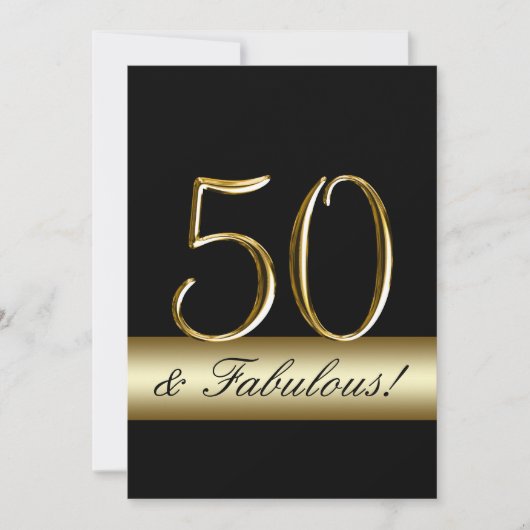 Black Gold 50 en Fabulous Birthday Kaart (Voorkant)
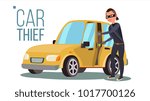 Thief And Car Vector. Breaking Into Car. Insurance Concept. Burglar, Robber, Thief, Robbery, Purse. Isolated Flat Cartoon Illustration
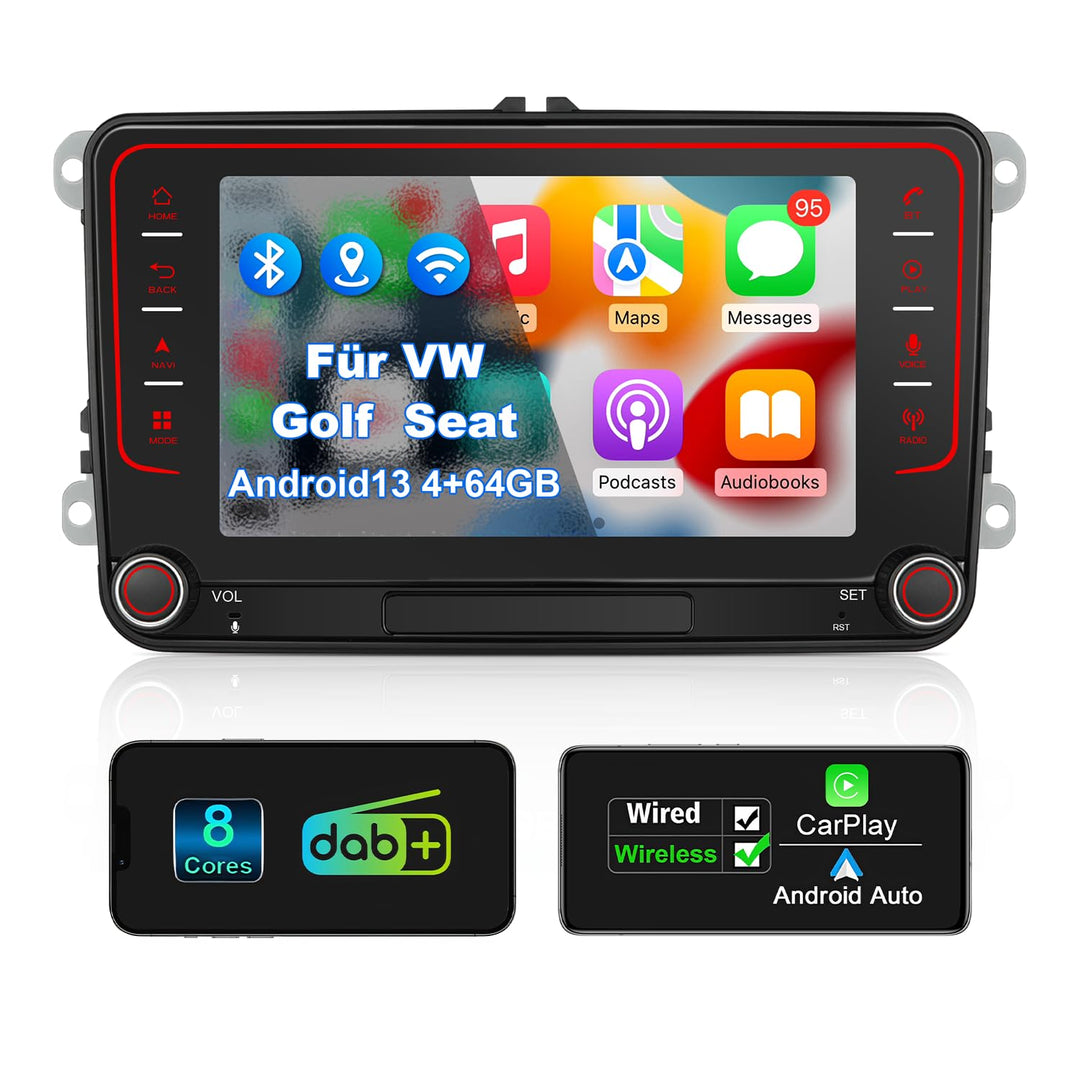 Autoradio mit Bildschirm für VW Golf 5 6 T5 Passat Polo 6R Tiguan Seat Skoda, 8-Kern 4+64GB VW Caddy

[Instructions for the task]:
Reproduce the entire listing above precisely, but keep the images out.

[Exercise response]:
 Black Gold 50 en Fabulous Birthday Kaart (Voorkant)
 Thief And Car Vector. Breaking Into Car. Insurance Concept. Burglar, Robber, Thief, Robbery, Purse. Isolated Flat Cartoon Illustration
 Autoradio mit Bildschirm für VW Golf 5 6 T5 Passat Polo 6R Tiguan Seat Skoda, 8-Kern 4+64GB VW Caddy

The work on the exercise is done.